Extracted information

---*---

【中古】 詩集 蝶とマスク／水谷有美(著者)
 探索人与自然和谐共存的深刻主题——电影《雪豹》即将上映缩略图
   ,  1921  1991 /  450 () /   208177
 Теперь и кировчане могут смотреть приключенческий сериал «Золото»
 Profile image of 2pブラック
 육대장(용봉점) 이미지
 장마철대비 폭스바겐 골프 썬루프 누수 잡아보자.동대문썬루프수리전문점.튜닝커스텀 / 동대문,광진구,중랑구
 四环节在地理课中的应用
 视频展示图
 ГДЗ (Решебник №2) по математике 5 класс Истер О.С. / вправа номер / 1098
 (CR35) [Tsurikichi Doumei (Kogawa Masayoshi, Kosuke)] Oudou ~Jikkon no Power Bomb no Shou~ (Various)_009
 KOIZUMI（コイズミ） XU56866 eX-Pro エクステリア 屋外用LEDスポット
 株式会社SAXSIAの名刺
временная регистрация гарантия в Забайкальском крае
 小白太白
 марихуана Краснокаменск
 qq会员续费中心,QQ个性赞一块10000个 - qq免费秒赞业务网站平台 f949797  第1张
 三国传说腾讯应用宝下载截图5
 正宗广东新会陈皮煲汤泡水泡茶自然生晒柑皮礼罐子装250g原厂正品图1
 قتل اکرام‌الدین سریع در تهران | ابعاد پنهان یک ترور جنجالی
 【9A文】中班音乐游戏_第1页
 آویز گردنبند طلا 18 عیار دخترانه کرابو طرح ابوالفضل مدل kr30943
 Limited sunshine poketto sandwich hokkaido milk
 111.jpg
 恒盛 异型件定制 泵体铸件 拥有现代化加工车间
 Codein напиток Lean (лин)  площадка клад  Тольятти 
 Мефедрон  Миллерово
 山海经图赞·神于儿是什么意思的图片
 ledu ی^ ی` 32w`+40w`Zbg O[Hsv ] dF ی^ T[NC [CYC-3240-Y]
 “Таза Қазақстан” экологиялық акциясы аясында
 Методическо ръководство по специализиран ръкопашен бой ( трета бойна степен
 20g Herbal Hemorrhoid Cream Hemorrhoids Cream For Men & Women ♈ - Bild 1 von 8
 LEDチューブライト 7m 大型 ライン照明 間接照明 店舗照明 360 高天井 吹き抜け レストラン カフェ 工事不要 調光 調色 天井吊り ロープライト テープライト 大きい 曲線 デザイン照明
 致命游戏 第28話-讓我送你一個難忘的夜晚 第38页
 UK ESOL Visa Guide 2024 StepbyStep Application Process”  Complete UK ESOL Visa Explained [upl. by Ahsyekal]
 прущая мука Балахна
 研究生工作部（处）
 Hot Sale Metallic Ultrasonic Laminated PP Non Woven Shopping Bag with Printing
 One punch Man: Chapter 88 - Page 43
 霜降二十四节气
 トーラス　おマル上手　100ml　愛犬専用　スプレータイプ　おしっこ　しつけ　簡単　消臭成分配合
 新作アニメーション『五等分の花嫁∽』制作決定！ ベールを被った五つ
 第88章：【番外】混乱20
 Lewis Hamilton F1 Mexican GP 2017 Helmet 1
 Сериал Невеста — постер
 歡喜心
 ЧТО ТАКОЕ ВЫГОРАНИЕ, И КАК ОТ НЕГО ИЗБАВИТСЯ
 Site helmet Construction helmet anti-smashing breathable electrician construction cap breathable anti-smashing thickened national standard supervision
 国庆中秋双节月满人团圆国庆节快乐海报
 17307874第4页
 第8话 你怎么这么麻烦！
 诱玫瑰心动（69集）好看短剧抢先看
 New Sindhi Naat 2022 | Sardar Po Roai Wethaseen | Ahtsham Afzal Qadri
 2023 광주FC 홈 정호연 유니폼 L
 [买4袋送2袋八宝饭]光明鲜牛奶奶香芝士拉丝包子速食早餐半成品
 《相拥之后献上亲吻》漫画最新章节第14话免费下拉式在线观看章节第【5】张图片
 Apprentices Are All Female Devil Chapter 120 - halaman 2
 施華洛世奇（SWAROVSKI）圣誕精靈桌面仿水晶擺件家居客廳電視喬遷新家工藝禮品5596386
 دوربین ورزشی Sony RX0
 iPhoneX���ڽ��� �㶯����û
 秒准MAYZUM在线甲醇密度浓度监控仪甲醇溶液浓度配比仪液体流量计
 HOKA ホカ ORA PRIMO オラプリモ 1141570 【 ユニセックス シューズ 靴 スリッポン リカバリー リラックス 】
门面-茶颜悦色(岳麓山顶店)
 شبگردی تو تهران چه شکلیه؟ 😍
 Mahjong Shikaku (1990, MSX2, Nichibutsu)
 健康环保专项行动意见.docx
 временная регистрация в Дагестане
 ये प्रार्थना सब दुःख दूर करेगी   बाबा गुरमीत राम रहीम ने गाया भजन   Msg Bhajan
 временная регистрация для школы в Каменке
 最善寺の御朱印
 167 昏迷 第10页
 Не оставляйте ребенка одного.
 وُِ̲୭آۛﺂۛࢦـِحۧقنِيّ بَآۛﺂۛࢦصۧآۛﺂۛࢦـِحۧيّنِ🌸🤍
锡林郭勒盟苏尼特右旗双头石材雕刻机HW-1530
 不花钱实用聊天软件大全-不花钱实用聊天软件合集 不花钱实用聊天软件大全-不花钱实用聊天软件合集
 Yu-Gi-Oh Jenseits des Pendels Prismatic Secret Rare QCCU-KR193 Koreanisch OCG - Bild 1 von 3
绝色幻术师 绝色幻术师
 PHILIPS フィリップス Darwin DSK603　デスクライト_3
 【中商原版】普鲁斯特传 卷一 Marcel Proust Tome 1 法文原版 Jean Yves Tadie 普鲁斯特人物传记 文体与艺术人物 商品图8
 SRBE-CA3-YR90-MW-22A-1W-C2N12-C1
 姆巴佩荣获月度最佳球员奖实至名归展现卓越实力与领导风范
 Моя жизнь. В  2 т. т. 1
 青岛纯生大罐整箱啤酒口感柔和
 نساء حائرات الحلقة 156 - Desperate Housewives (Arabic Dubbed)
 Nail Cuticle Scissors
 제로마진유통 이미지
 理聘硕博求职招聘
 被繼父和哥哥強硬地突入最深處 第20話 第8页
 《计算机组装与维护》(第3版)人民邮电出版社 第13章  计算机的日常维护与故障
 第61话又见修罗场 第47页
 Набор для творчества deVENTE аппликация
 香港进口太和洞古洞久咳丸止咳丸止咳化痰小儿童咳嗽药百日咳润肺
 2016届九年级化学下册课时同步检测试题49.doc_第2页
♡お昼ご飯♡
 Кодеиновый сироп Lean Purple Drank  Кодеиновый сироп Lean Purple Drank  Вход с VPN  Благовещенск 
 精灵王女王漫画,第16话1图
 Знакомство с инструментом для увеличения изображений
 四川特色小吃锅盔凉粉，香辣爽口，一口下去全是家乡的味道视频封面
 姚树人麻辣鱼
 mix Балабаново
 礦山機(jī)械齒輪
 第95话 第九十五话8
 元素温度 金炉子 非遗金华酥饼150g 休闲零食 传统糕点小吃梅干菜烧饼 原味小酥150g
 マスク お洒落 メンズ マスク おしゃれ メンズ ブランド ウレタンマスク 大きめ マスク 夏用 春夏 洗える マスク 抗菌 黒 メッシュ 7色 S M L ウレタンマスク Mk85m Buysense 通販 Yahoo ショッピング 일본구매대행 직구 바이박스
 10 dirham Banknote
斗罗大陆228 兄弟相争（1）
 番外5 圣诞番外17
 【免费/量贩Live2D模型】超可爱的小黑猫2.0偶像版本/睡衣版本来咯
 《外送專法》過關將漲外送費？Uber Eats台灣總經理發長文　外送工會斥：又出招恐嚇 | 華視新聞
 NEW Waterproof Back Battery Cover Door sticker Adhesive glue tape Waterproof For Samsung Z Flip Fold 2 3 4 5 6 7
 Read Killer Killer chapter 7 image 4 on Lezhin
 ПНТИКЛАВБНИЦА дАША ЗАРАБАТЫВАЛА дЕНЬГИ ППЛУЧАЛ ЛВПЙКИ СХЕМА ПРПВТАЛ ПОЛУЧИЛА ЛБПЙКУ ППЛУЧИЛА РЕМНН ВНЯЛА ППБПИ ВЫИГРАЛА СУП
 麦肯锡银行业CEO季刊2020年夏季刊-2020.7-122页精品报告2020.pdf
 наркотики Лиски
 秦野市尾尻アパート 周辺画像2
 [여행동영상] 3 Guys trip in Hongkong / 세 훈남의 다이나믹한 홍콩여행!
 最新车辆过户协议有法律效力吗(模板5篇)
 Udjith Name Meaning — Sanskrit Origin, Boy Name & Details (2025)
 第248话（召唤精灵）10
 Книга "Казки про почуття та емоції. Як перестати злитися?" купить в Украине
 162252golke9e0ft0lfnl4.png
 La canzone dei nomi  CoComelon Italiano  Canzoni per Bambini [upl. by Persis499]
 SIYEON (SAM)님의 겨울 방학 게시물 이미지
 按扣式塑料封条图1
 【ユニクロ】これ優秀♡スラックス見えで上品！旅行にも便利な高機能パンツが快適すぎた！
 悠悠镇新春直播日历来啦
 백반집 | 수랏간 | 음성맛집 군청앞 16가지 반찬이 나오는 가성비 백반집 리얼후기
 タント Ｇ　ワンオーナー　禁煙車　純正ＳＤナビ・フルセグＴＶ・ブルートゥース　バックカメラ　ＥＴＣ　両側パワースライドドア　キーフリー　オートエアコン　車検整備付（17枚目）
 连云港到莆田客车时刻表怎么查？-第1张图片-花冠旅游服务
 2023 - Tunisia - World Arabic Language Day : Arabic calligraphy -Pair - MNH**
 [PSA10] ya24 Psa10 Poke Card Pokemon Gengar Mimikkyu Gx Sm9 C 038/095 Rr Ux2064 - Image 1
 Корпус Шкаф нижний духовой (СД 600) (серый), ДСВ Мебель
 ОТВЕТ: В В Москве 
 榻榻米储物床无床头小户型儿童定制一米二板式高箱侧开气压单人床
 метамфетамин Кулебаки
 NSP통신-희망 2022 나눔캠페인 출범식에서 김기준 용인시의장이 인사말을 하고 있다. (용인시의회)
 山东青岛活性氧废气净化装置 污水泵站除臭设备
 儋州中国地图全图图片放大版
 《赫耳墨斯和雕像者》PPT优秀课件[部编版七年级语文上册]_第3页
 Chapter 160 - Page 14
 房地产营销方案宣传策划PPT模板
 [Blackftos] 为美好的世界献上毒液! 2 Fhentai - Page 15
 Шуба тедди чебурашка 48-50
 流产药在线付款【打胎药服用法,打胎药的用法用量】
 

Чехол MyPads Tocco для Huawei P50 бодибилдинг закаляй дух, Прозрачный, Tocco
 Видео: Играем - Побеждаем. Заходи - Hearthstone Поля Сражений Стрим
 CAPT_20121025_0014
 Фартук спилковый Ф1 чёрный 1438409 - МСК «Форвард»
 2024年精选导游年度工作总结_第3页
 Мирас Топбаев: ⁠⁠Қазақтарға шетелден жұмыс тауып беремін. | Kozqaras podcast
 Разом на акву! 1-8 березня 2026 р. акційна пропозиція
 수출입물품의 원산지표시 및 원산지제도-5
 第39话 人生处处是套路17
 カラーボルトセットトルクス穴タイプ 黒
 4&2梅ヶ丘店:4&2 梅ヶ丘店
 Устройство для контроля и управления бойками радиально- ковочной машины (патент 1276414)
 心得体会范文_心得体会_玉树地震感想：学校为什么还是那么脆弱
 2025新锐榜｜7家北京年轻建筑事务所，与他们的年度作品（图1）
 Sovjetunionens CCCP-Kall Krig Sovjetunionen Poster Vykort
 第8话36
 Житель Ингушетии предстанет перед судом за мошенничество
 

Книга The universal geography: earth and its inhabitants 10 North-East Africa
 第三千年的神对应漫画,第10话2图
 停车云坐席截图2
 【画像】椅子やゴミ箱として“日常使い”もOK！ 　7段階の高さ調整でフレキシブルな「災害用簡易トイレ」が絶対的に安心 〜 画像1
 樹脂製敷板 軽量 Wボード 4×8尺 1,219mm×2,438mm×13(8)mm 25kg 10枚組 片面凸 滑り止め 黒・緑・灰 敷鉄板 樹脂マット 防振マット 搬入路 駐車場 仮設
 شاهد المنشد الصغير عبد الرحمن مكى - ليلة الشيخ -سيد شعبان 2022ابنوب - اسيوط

---*---

Requirement
Working from the material above, restate word for word the lines between the line with "آویز گردنبند طلا" and the line with "ЧТО ТАКОЕ ВЫГОРАНИЕ, И КАК ОТ НЕГО ИЗБАВИТСЯ", both included, and only those.

Reply
 آویز گردنبند طلا 18 عیار دخترانه کرابو طرح ابوالفضل مدل kr30943
 Limited sunshine poketto sandwich hokkaido milk
 111.jpg
 恒盛 异型件定制 泵体铸件 拥有现代化加工车间
 Codein напиток Lean (лин)  площадка клад  Тольятти 
 Мефедрон  Миллерово
 山海经图赞·神于儿是什么意思的图片
 ledu ی^ ی` 32w`+40w`Zbg O[Hsv ] dF ی^ T[NC [CYC-3240-Y]
 “Таза Қазақстан” экологиялық акциясы аясында
 Методическо ръководство по специализиран ръкопашен бой ( трета бойна степен
 20g Herbal Hemorrhoid Cream Hemorrhoids Cream For Men & Women ♈ - Bild 1 von 8
 LEDチューブライト 7m 大型 ライン照明 間接照明 店舗照明 360 高天井 吹き抜け レストラン カフェ 工事不要 調光 調色 天井吊り ロープライト テープライト 大きい 曲線 デザイン照明
 致命游戏 第28話-讓我送你一個難忘的夜晚 第38页
 UK ESOL Visa Guide 2024 StepbyStep Application Process”  Complete UK ESOL Visa Explained [upl. by Ahsyekal]
 прущая мука Балахна
 研究生工作部（处）
 Hot Sale Metallic Ultrasonic Laminated PP Non Woven Shopping Bag with Printing
 One punch Man: Chapter 88 - Page 43
 霜降二十四节气
 トーラス　おマル上手　100ml　愛犬専用　スプレータイプ　おしっこ　しつけ　簡単　消臭成分配合
 新作アニメーション『五等分の花嫁∽』制作決定！ ベールを被った五つ
 第88章：【番外】混乱20
 Lewis Hamilton F1 Mexican GP 2017 Helmet 1
 Сериал Невеста — постер
 歡喜心
 ЧТО ТАКОЕ ВЫГОРАНИЕ, И КАК ОТ НЕГО ИЗБАВИТСЯ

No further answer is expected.